Load shedding “appears inevitable” today, Andrew Etzinger, Eskom spokesperson told Moneyweb early on Thursday morning.
The power utility declared a power emergency at 6:00 on Thursday morning which will see industrial customers reduce demand by 10% from 8:00, he said. That will however not be enough and power cuts to other customers seem inevitable.
Etzinger said the expected demand during the morning peak at 11:00 is 29 500MW and that is what is available. From then onwards the demand is expected to increase and the deficit during the evening peak is expected to be around 3 000MW.
Eskom’s total installed generation capacity is about 43 000MW, but the utility increases maintenance during the summer months which can take big units out of operation for long periods of time.
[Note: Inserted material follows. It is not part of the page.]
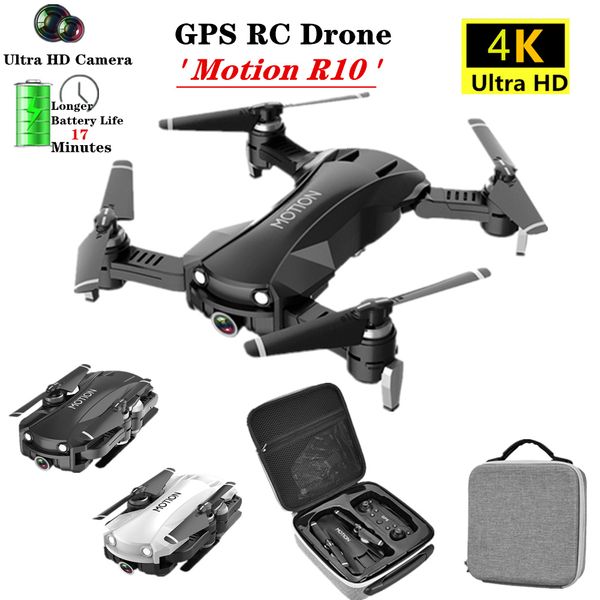 

gps 5g wifi fpv real-time 4k ultra hd camera foldable rc drone aircraft quadcopter waypoint flight one key return take-off landing remote ap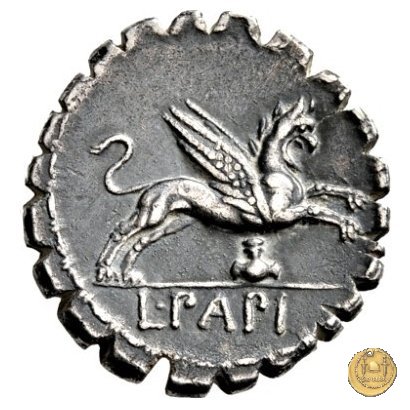 384/1 - denario L. Papius 79 BC (Roma)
Seven days of continuous rain in Mpumalanga has resulted in wet coal that reduces the power station output, Etzinger said. “We are operating on tight margins and this is just further eating into the margins. Eskom has resilience towards some amount of rain, but by we have exhausted our dry coal and it also affects coal handling and opencast coal mining”.
It is unlikely that the situation will improve until the rain abates around Tuesday, although the demand naturally decreases over the weekend, which should bring some reprieve, Etzinger said.
He called on all consumers to switch off and said load shedding schedules are available at http://loadshedding.eskom.co.
This is the third time this year that Eskom has declared a power emergency, after resorting to the same measure only once before in November last year. The previous emergencies were focused on the evening peak between 18:00 and 20:00 and this is the first time it starts the day with such a significant supply deficit.
The Energy Intensive Users Group (EIUG) which represents Eskom’s biggest industrial clients said during the last emergency that its members cannot continue to carry the burden of the tight system alone.
Brian Dames, outgoing CEO of Eskom said last week that the system will remain tight until significant extra capacity has come online.
The first unit of Eskom’s new Medupi power station is expected to provide power to the system late this year, but Dames said one unit won’t be enough to alleviate the power shortage.